I wouldn't have chosen to word the original comment the way it was worded, but it does identify a potentially legitimate issue.
Specifically, the concerns that warrant separation are authentication vs. authorization.
Authentication refers to the process of logging in and getting an identity. It is how the systems knows who you are, and used for things like personalization, object ownership, etc.
Authorization refers to what you are allowed to do, and this (generally) is not determined by who you are. Instead, it is determined by some security policy like roles or permissions, which don't care about things like your name or email address.
These two can change orthogonally to each other. For example, you might change the authentication model by adding OpenID/OpenAuth providers. And you might change the security policy by adding a new role, or changing from RBAC to ABAC.
If all of this goes into one class or abstraction, then your security code, which is one of your most important tools for risk mitigation, becomes, ironically, high-risk.
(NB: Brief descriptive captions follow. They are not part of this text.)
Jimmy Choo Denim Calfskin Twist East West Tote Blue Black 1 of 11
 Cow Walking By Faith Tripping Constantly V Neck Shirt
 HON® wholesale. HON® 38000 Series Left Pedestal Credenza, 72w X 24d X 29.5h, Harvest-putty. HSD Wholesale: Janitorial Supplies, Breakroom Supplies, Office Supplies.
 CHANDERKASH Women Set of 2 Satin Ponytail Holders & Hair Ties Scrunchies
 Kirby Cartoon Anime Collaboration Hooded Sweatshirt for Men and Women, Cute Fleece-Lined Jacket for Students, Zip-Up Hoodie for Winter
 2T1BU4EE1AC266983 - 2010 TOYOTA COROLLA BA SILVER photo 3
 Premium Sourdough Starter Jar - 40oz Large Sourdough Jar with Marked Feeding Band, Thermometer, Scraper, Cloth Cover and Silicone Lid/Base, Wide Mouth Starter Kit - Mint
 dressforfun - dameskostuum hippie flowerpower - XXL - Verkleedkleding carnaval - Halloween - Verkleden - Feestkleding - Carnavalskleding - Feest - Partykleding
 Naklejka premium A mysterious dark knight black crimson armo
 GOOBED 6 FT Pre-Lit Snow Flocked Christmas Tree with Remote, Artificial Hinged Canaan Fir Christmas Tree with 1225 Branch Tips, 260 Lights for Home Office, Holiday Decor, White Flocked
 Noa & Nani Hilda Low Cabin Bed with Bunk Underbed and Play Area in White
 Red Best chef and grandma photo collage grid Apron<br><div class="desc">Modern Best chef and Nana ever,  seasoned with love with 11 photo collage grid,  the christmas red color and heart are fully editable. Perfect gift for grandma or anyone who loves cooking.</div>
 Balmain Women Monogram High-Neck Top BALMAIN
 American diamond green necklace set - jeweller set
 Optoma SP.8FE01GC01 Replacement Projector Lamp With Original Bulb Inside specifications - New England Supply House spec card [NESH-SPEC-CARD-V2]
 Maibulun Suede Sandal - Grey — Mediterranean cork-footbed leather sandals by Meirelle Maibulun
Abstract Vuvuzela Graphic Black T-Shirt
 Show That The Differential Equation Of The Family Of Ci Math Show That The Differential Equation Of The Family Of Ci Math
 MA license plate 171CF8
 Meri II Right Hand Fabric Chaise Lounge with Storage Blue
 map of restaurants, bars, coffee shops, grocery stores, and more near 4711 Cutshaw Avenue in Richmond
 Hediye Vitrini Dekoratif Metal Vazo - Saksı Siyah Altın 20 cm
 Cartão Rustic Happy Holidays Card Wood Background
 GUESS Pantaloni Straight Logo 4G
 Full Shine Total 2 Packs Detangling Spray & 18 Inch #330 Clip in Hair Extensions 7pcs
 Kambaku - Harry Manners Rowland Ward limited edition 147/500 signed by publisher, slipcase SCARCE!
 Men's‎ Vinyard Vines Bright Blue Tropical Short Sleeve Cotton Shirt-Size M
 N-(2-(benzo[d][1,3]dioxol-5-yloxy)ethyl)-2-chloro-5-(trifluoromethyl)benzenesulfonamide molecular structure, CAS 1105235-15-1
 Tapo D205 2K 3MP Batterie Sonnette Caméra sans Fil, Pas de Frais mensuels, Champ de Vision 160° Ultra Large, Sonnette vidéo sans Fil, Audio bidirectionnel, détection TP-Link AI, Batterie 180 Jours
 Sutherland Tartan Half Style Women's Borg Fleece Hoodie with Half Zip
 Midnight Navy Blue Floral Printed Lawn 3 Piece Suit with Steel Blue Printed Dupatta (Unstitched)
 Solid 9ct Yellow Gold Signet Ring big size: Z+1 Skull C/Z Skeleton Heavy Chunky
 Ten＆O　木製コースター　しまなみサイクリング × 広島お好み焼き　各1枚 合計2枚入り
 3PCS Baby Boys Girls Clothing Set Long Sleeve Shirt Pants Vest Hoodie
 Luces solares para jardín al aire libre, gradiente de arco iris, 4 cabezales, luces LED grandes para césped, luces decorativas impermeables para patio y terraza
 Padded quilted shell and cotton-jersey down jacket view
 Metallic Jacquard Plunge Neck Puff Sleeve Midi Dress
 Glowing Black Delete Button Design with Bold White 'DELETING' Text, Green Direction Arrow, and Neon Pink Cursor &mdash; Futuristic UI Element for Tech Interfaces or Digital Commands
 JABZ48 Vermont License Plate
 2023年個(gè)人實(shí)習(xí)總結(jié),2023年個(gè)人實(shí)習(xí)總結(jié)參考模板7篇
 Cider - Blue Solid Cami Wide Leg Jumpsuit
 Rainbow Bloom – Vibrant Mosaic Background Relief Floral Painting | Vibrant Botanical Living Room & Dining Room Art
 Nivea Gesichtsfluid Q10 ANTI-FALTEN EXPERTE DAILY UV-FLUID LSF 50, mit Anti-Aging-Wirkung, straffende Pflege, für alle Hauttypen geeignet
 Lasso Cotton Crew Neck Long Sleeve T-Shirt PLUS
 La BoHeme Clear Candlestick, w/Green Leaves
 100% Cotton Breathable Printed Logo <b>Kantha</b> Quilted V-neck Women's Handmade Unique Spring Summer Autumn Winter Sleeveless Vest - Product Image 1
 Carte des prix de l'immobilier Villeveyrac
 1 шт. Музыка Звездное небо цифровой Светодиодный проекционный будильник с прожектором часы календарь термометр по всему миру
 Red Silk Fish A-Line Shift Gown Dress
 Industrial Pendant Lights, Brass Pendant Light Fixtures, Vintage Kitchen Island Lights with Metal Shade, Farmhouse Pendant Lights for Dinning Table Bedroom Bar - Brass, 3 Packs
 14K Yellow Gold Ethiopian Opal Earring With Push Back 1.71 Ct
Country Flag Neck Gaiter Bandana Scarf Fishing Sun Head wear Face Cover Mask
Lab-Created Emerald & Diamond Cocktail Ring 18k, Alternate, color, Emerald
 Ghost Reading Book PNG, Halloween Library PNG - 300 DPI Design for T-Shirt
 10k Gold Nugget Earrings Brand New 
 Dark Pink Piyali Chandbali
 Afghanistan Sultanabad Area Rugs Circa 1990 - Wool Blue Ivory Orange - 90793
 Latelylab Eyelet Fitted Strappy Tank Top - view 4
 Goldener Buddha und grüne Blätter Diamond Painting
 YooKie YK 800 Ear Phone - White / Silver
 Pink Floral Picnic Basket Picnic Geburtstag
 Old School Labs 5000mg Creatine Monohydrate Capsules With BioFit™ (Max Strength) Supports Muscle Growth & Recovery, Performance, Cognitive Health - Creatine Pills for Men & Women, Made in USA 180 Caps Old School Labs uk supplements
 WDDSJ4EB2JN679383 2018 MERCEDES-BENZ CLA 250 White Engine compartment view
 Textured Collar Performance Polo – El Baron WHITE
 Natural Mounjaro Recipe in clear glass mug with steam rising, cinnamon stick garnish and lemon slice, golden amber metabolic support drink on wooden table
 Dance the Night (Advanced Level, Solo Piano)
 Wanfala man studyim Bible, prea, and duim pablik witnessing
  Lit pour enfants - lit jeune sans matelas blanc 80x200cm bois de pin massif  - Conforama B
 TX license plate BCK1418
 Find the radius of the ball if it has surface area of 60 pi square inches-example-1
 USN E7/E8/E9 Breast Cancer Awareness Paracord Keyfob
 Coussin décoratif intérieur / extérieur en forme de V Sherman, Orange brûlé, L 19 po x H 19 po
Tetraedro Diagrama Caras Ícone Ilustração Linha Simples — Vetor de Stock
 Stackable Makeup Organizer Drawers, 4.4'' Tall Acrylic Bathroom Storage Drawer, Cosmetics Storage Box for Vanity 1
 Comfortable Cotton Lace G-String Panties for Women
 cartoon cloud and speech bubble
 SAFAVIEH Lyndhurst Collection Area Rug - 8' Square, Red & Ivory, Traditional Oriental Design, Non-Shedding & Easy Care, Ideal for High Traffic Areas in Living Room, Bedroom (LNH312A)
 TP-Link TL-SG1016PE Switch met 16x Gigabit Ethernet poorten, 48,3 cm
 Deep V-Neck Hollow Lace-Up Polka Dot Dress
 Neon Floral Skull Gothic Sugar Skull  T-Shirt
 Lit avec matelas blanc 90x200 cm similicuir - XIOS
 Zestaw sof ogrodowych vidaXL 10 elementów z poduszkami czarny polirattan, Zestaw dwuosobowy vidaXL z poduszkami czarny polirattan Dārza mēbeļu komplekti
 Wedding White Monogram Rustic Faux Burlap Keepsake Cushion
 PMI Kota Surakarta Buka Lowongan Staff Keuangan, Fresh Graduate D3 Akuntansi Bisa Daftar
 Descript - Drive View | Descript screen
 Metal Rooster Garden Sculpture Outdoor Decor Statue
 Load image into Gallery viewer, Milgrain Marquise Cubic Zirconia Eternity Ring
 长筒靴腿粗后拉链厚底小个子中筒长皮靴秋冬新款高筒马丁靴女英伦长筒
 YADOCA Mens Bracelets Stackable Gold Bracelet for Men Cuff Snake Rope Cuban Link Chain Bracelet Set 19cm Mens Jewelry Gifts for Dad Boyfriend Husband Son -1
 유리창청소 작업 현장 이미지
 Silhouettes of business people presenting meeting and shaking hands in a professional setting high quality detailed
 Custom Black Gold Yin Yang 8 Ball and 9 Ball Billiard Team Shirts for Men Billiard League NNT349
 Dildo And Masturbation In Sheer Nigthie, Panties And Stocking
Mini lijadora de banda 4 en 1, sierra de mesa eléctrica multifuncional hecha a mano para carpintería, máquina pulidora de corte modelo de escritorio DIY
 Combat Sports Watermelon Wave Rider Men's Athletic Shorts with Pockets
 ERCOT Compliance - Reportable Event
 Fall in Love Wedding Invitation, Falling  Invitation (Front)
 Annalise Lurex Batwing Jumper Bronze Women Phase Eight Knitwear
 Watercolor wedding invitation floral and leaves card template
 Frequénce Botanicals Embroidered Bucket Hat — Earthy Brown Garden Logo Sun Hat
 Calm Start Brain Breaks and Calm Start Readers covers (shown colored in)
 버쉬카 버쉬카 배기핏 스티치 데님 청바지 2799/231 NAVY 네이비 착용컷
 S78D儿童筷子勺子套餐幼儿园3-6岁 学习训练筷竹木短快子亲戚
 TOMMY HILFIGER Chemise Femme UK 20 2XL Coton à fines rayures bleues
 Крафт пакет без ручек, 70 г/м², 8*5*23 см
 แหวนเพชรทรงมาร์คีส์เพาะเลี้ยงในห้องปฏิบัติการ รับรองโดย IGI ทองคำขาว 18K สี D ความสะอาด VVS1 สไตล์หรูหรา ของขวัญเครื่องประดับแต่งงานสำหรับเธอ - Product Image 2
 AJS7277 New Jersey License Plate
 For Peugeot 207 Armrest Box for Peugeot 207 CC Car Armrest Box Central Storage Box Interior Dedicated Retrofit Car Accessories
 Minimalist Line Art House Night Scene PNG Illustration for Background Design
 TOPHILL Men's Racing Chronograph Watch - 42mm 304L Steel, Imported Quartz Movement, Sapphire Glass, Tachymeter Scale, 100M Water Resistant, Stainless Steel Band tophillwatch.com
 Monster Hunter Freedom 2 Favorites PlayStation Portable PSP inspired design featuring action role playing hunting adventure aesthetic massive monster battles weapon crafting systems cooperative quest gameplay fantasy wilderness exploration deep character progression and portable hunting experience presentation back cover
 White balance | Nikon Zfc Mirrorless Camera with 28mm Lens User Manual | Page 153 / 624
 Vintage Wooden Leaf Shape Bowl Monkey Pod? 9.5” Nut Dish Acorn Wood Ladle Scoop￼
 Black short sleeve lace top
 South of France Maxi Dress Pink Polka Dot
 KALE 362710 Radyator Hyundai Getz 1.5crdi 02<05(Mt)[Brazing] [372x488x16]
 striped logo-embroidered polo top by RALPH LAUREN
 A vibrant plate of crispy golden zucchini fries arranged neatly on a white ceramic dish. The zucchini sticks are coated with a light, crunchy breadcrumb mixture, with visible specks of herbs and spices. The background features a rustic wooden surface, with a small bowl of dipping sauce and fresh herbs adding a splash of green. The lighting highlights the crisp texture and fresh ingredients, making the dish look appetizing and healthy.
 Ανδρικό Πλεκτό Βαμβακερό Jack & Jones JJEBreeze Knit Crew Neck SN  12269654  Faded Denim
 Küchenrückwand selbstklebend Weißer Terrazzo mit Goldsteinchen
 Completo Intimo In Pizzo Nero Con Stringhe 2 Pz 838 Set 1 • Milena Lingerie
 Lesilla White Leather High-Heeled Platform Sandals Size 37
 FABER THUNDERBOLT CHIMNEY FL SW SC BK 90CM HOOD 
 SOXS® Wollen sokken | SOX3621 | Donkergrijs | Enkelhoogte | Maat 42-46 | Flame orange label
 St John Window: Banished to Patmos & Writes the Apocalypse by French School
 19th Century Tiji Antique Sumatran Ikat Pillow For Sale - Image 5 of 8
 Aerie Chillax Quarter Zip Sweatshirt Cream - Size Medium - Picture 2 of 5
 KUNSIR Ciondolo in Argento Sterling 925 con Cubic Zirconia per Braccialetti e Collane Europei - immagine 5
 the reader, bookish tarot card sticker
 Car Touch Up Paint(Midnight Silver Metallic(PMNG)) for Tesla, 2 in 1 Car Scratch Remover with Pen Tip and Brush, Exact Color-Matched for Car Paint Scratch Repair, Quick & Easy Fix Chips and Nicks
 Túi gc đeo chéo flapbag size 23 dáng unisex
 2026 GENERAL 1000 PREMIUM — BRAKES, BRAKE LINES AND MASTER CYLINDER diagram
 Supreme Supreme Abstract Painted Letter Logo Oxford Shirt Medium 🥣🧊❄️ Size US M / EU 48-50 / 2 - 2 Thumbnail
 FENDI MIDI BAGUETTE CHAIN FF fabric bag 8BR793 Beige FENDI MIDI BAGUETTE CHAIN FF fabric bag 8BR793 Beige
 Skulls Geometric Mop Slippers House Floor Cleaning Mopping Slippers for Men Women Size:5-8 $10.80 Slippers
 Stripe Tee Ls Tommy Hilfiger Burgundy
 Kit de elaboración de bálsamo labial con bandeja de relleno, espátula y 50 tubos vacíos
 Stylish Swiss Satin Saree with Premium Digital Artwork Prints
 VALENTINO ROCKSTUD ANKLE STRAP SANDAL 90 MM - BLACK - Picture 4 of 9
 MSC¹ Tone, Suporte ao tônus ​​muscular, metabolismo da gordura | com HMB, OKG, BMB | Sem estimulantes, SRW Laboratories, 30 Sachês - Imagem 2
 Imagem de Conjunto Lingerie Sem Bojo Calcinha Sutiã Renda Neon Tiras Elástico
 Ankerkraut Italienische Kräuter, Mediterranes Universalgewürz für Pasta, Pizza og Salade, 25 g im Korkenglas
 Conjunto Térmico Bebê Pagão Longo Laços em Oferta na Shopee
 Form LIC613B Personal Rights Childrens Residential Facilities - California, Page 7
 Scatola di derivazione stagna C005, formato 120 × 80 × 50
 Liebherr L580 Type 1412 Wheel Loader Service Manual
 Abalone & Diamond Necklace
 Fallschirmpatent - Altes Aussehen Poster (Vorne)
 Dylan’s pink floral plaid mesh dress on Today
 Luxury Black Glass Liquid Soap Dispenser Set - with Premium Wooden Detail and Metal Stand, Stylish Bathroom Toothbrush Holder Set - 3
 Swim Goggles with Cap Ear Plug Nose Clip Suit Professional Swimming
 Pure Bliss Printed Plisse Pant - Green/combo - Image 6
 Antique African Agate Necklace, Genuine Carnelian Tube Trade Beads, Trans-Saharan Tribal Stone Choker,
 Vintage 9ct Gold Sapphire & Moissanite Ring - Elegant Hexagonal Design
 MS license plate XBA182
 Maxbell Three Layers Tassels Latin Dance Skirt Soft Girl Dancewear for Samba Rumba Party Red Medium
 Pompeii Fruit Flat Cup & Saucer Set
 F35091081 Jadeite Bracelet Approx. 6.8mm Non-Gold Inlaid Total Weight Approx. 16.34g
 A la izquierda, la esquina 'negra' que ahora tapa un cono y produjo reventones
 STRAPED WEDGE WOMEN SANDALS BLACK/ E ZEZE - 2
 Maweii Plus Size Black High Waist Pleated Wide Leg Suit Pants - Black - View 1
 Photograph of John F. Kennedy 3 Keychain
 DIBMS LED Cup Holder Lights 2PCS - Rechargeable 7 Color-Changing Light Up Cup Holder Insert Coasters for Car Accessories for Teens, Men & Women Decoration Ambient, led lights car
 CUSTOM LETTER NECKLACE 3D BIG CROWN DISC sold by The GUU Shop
I have worked with systems where authentication and authorization were too tightly coupled. In one system, there were two parallel user databases, each for one type of "role". The person or team who designed it apparently never considered that a single physical user might be in both roles, or that there might be certain actions which were common to multiple roles, or that there could be problems with User ID collisions. This is an admittedly extreme example, but it was/is incredibly painful to work with.
Microsoft and Sun/Oracle (Java) refer to the aggregate of authentication and authorization information as the Security Principal. It's not perfect, but it works reasonably well. In .NET, for example, you have
IPrincipal, which encapsulates the
IIdentity - the former being a policy (authorization) object while the latter is an identity (authentication). You could reasonably question the decision to put one inside of the other, but the important thing is that most code you write will be for just one of the abstractions which means it is easy to test and refactor.
There's nothing wrong with a
User.IsAdmin field... unless there is also a
User.Name field. This would indicate that the "User" concept isn't properly defined and this is, sadly, a very common mistake among developers who are a bit wet behind the ears when it comes to security. Typically, the only thing that should be shared by identity and policy is the User ID, which, not coincidentally, is exactly how it is implemented in both the Windows and *nix security models.
It's completely acceptable to create wrapper objects that encapsulate both identity and policy. For example, it would facilitate the creation of a dashboard screen where you need to display a "hello" message in addition to various widgets or links that the current user is permitted to access. As long as this wrapper just wraps the identity and policy information, and doesn't claim to own it. In other words, as long as it's not being presented as an aggregate root.
A simplistic security model always seems like a good idea when you're first designing a new application, because of YAGNI and all that, but it almost always ends up coming back to bite you later, because, surprise surprise, new features get added!
So, if you know what's best for you, you'll keep authentication and authorization information separate. Even if the "authorization" right now is as simple as an "IsAdmin" flag, you'll still be better off if it's not part of the same class or table as the authentication information, so that if and when your security policy needs to change, you don't need to do reconstructive surgery on your authentication systems which already works fine.